SSL handshake problems

2019-03-29 10:59发布

问题:

Our server application suffers from extreme slowness at some of the customers. The slowness is solved by server restart, however it returns after a couple of weeks.

Java CPU is always around 100% (out of 200%), all other parameters are fine. Research showed that most of the CPU is consumed by "HandshakeCompletedNotify-Thread" thread. From tcp dump we see that the SSL handshake takes 2-8 seconds, which is very long, sometimes timeout is thrown.

Our SSL provider is BSAFE. Server runs on Linux(CentOS), 640 mb heap, 2 Cores. Hibernate, spring are used, Oracle local db

What could be reasons for such a behavior? What can be done to find them out?

P.S. We can not switch the traffic to HTTP at our customers.
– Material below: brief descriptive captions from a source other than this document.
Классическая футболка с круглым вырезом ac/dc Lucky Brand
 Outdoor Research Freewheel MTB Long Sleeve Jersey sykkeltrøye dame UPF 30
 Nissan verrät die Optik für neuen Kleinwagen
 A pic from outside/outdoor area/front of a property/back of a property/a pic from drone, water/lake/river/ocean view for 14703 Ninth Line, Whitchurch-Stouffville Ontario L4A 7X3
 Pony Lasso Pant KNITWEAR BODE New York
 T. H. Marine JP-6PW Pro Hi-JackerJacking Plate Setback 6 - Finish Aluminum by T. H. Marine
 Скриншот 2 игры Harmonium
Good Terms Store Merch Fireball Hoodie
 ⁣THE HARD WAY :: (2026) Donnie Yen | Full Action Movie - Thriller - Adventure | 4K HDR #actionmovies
Update: The system is completely freed when outgoing connections of java process are blocked with IP tables. What resource is freed in such a situation? We see that SSL Handshake frequently gets stuck at "change Cipher Spec" stage. Client (my java process) tries to reuse SSL session, but the server is completely stateless, it generates new session each time.

回答1:

This is a known bug that was introduced when Sun rolled out the Next Generation Java Plugin in 6u10. Oracle finally fixed it in Java 7u2, but they have not backported it to Java 6, at least as of 6u33.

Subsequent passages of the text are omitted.